■ Prompt:
Output a character-exact copy of the data, images removed.

■ Given material:
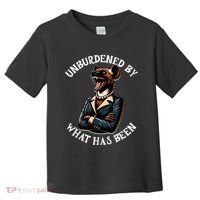 Funny Antikamala The Hyena With Famous Unburdened Quote Toddler T-Shirt thumb 0
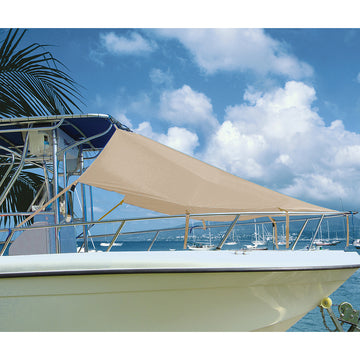 Taylor Made T-Top Bow Shade, 6'L x 90"W – Hot Shot Marine Fabric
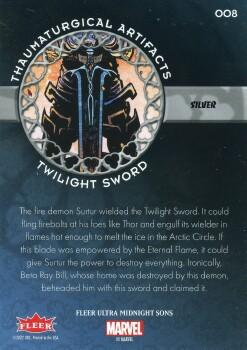 Twilight Sword back card image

■ Output:
 Funny Antikamala The Hyena With Famous Unburdened Quote Toddler T-Shirt thumb 0
 Taylor Made T-Top Bow Shade, 6'L x 90"W – Hot Shot Marine Fabric
 Twilight Sword back card image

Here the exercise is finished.